The original version of the film can be somewhat difficult to understand, especially the first time you watch it. However, the theatrical version of the film does make sense if you pay close attention to the plot. The director’s cut, which adds an additional 20 minutes to the film, is much more direct and straightforward. Ultimately, the biggest difference between the two versions is the fact that the theatrical version leaves room for interpretation while the director’s cut clearly spells out writer/director Richard Kelly’s version of what it all means.
Deciding which version of the film you prefer is a matter of personal preference.
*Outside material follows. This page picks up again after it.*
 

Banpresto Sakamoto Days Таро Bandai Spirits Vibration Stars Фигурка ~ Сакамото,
I personally prefer the original cut of the film, which portrays the decision Darko makes at the end of the film as a more personal one, while the director’s cut implies that forces surrounding him are doing everything in their power to compel Donnie to make his decision. (If that sounds vague, forgive me, I’m doing my best not to give too much of the plot away.) To me, Donnie’s ultimate decision seems more noble in the original version of the film, while the director’s cut makes it seem like he didn’t really have much choice in the matter at all. Also, I feel like the original film just flows better. The director’s cut, with its additional 20 minutes of footage, clocks in at just under two hours and fifteen minutes.
In some ways, I almost wish that Kelly hadn’t come out with a director’s cut and had instead decided to let the original film speak for itself. The original film is a bit like an abstract painting, one that you can stare at and attempt to draw your own conclusions about the meaning of the work, while the director’s cut feels like the painter is standing behind you while you view the painting, telling you in great detail what it actually means. Sometimes the fun is in not knowing.
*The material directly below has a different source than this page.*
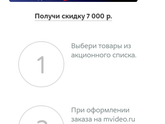 Промокод Мвидео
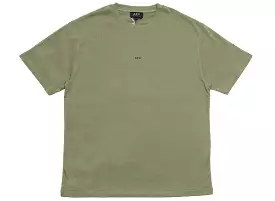 A.P.C. Kyle T-Shirt in Khaki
Still, I like the fact that the Blu-Ray version of Donnie Darko includes both versions of the film (thanks to the amazing storage capacity of Blu-Ray discs). When the director’s cut was originally released on DVD, it didn’t include the original film, which forced fans to buy two separate DVDs, so it’s nice to have both films together on one disc. If you’ve never seen the film before, I highly suggest picking it up and watching the theatrical version first. Then, if your head hurts at the end of the movie, go back and watch the original film a second time. If you still don’t get it, then check out the director’s cut.
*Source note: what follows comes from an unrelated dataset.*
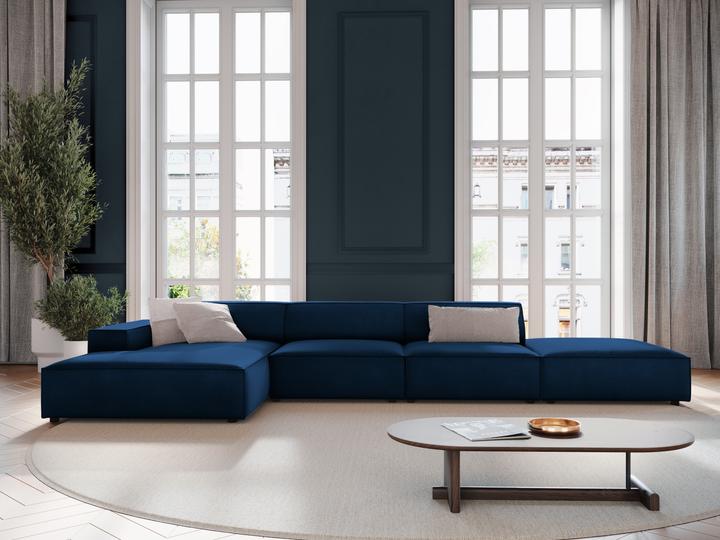 Actual product image Micadoni Jodie (Corner sofa)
If you are already a fan of the film and you already own it on DVD, I can’t in good conscience recommend picking up the Blu-Ray copy. Since the film was shot in 2001, there isn’t much of a difference in quality between the Blu-Ray and DVD versions of the film. And the special features included on the Blu-Ray version are identical to the ones released with the director’s cut of the film on DVD. But if you love the film and haven’t gotten around to purchasing it yet, this is the perfect version to pick up.